Performance optimization for parallel systems with shared DWM via retiming, loop scheduling, and data placement

https://doi.org/10.1016/j.sysarc.2020.101842Get rights and content

Abstract

Domain Wall Memory (DWM) as an ideal candidate for replacing traditional memories especially in parallel systems, has many desirable characteristics such as low leakage power, high density and low access latency. However, due to the tape-like architecture of DWM, shift operations have a vital impact on performance. Considering data-intensive applications with massive loops and arrays, increasing parallelism of loops, appropriate loop scheduling and data placement on DWM will significantly improve the performance of parallel systems. This paper explores optimizing performance of parallel systems through retiming, loop scheduling and data placement especially when the data are arrays. It proposes Integer Linear Programming (ILP) formulation and Scheduling While Placing (SWP) algorithm to generate optimal or nearly optimal loop scheduling and data placement with minimum execution time. The experimental results show that SWP and ILP can effectively reduce execution time when compared with greedy List Scheduling First Access First Place (LF) algorithm. Besides, this paper proposes Threshold Retiming Repetition (TRR) algorithm to combine the retiming technique with SWP and ILP. The experimental results show that SWP+TRR and ILP+TRR can further reduce the execution time when compared to results without retiming.

Introduction

With the development of big data and artificial intelligence techniques, memory with large capacity and high access performance are required in modern computing systems. Domain Wall Memory (DWM) is a novel non-volatile memory with high access performance, high density and low power leakage [1]. For data-massive applications, DWM can meet the requirements of access speed, capacity and power consumption [2]. When compared to traditional memory, for example DRAM, DWM shows the same high density with close-to-zero standby power and it becomes an ideal candidate for future memory.

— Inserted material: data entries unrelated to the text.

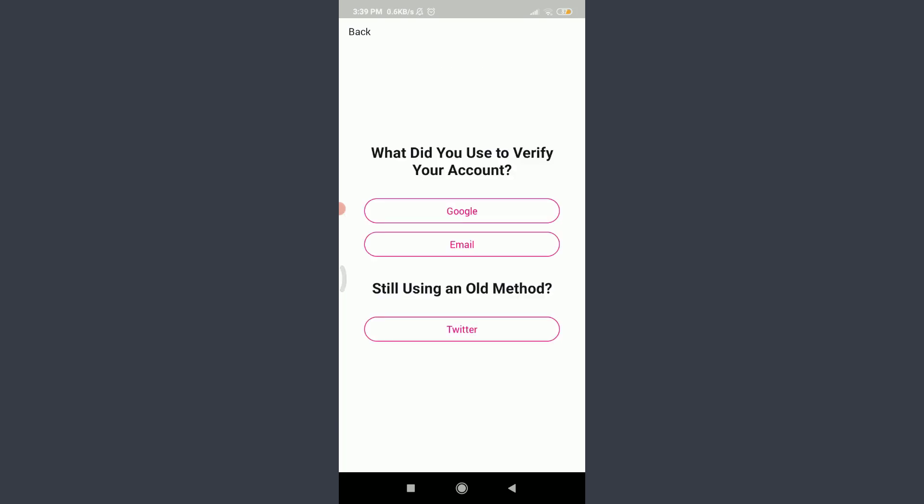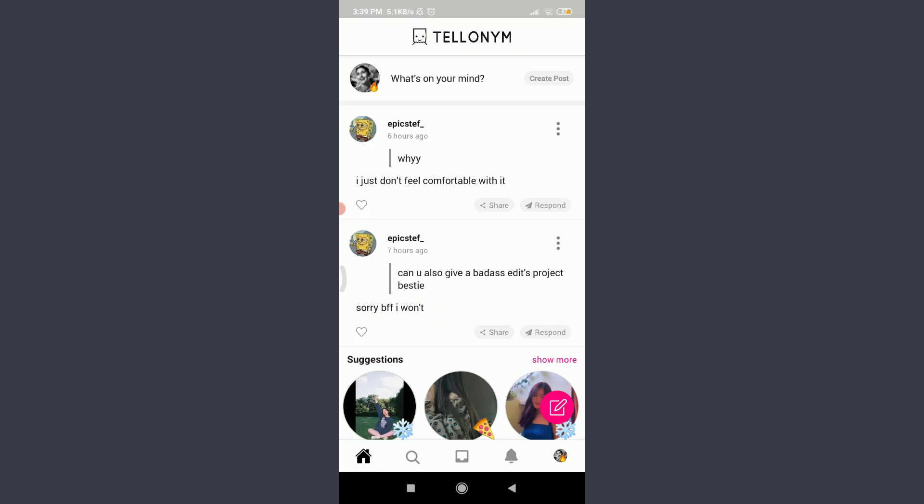You can see that what did you use to verify your account? Since I had used my Google account, I'm going to tap on Google. And just by doing it, you can see that you have been logged in to your own Tellonym account.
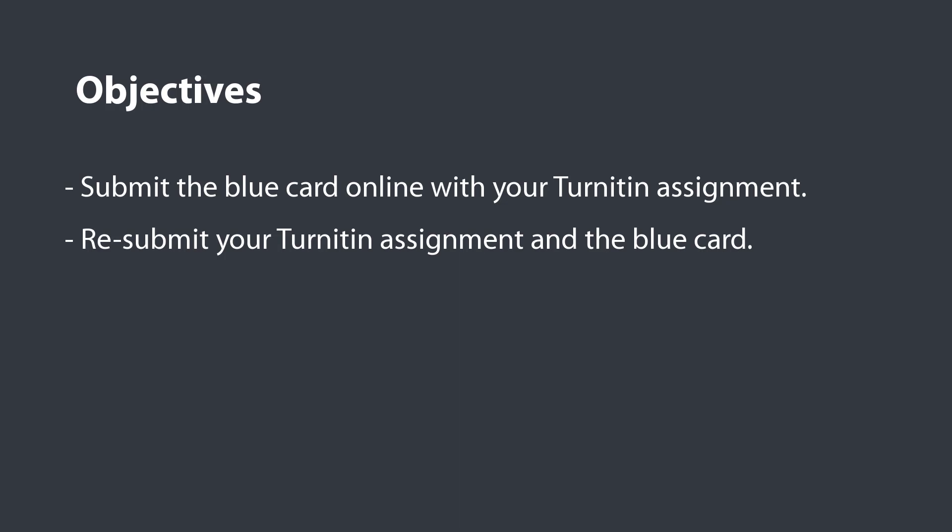By the end of this video, you will be able to submit the blue card online with your Turnitin submission. Relax, this is going to be easy.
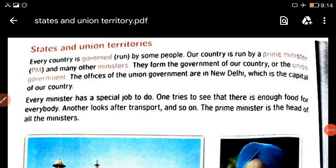Hello children, welcome to my EVS class. Students, we are doing Chapter 18 - Our Country. What we had seen in this chapter till now: India has 29 states and 9 union territories. We had seen about the capitals, and we have also seen that India is a big country divided into smaller parts known as states and union territories.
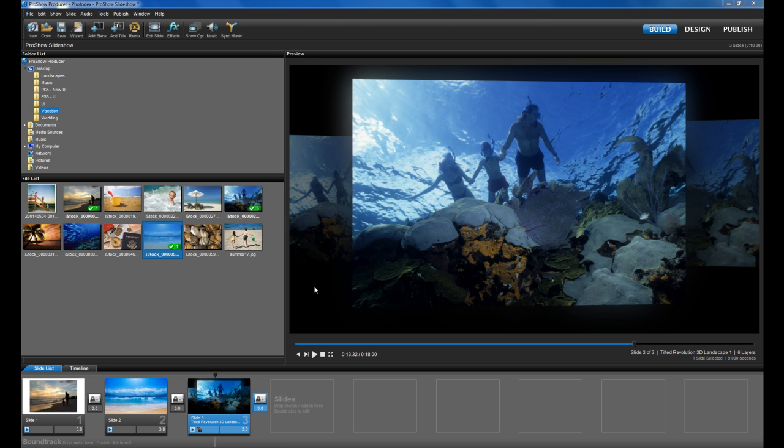One of the coolest new features in ProShow 5 is 3D Tilt. Photos and videos can now be tilted using a 3D perspective in your slideshows. This opens up a whole new world of creative possibilities for show creators, and we've also added hundreds of brand new 3D effects into ProShow 5.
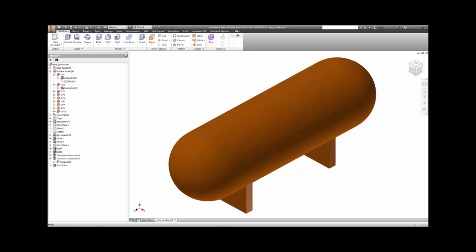Welcome to this pre-stress normal modes analysis demonstration using Autodesk Nastran In-CAD in Inventor. In many situations, modal analysis, the actual frequencies of the system are affected by a pre-stress condition.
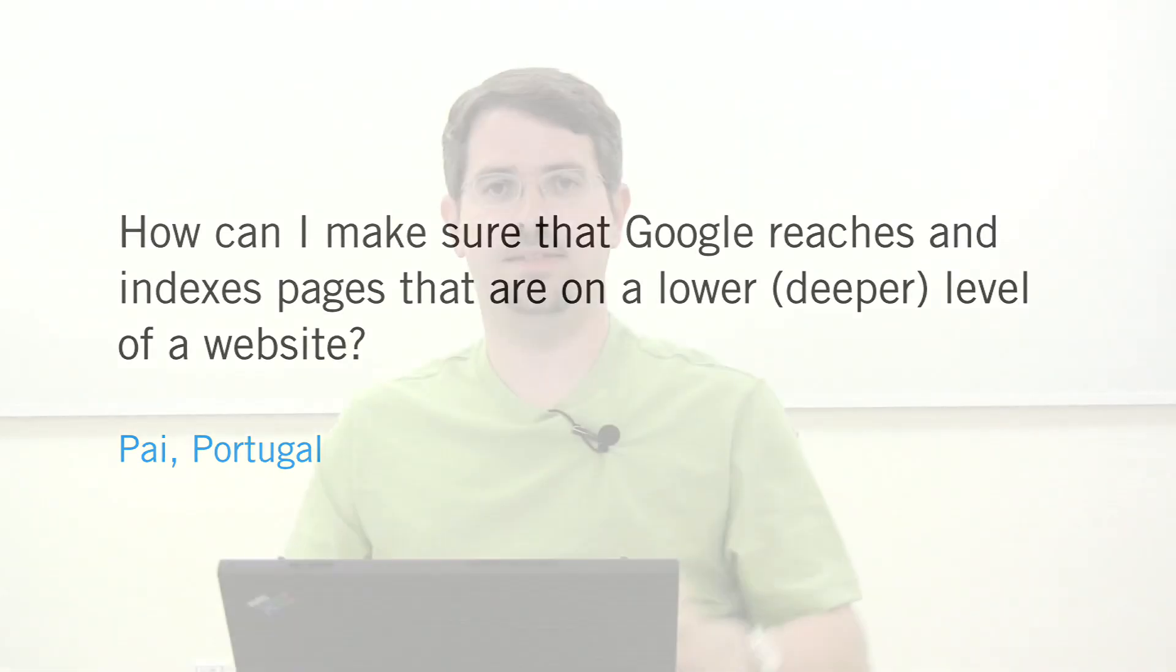Well, it's unclear whether you're asking about how many levels deep it is in terms of directories or how far it is from the root page.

In previous works, since the write lifetime of NVM is limited, many researches aim at reducing the number of write operations when NVM is selected in hybrid memory [3], [4]. DWM has no write endurance problem [18], however, before accessing data in DWM, data in nanowires need to be shifted to align to read/write port, which is called shift operation. Shift operation will decrease the access speed of DWM and decrease system performance further. Therefore, reducing shift operations of DWM can significantly improve the performance. From hardware perspective, adding extra read/write ports to reduce the average distance between data and its closest head is considered in work [5], [6]. This enables higher access speed of DWM, however, more ports lower density which is a primary advantage of DMW. From software aspect, when given the number of ports, work [7] designs a compiler technique to reallocate the accessed data, which reduces the access time on DWM. The improvement of this technique is limited since the data access sequence is fixed. There is also a new work [17] figuring out a heuristic way to reschedule the sequence of instructions and reallocate data according to the intimacy between accessed data groups and DWM ports. It reduces number of shift operation to a great degree, however, it only considers single core system for simplicity. When it comes to multi-core system, there is at most one core shifting domains to align data to read/write ports while other are achieving inner chip operations, like calculating two registers, or waiting for shifting DWM later. Besides, different cores are able to access the same data at the same time. This introduces complexity when rescheduling instructions in programs. Moreover, big data and artificial intelligence system often repeat plenty of calculations on matrixes [20], [21], [22]. We can regard these operations as loops and each matrix as composition of a series of arrays. It’s necessary to think about how arrays are organized on DMW when data are accessed in loop programs repeatedly. Take these into account, in this paper, we target on parallel systems which may have multiple processing units or mutiple processors. In this kind of systems, single head DWM is used as a shared scratch-pad memory. We explore improving performance of system through retiming, loop scheduling and data placement when the data are arrays.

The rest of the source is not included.